In der Höhe gärt Teig anders. Du fütterst deinen Ansatz abends, gibst ihm Wärme am Ofen, beobachtest Blasen wie kleine Wetterberichte. Hydration, Salz, Ruhezeiten – alles muss aufeinander hören. Ich habe gelernt, den Fingerabdrucktest geduldiger zu lesen, längere Gare zu akzeptieren und den Ofen ein wenig heißer vorzuheizen. Wenn der Laib schließlich singt, während er abkühlt, spürst du, wie Technik, Gefühl und Landschaft ein Brot formen, das mehr ist als Nahrungsmittel.
Ein Stück Bergkäse, in Tuch gereift, trägt Heu, Regen und Sommerhitze in sich. Ein Bund Thymian vom Hang, getrocknet über Wochen, duftet wie Sonnentage. Knochen, Wurzelgemüse, etwas Essig in kaltem Wasser – und Geduld – ergeben eine Brühe, die müde Muskeln lächeln lässt. Die besten Gewürze sind Stille und Zeit. Am Tisch wird wenig geredet, viel genickt, und dieses Nicken sagt: Genau, so schmeckt’s, wenn Wege, Hände und Feuer zusammenarbeiten.
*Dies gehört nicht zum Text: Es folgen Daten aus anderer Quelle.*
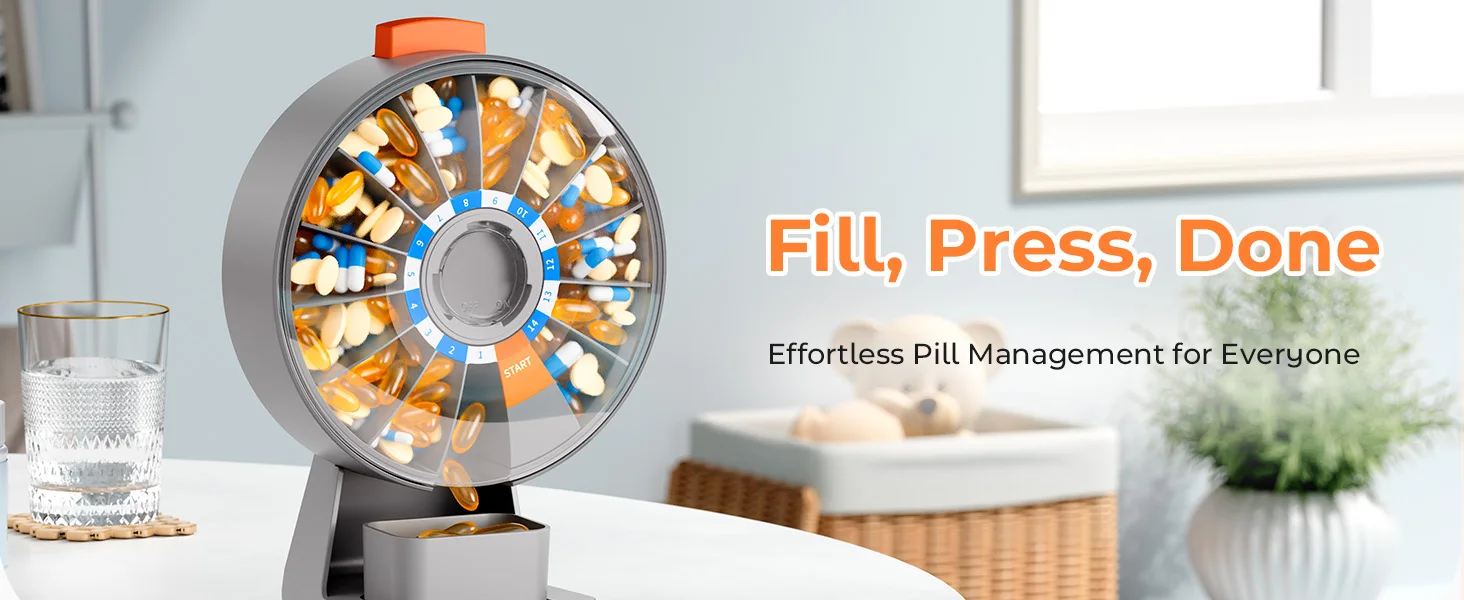 14-Tage-Pillenorganizer Wandmontage oder Freistehend, Großer Druckknopf-Pillenspender für Vitamine Medikamente Nahrungsergänzungsmittel, Grau – Detail 1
Gläser klirren leise, wenn Kohl, Salz und Gewichte an ihren Platz kommen. Milchsäuregärung ist die freundlichste Mitbewohnerin, sie arbeitet nachts, wenn draußen der Wind an Läden rüttelt. Karotten mit Ingwer, Rote Bete mit Kümmel, Gurken mit Dill – jedes Glas ein Farbfleck im Regal. Notizen über Salzprozente, Temperaturen, Zeiten hängen an einer Schnur. Im Januar öffnest du und riechst Spätsommer. So wird Vorrat nicht Verzicht, sondern Erinnerung, die täglich den Tisch bunter und das Herz gelassener macht.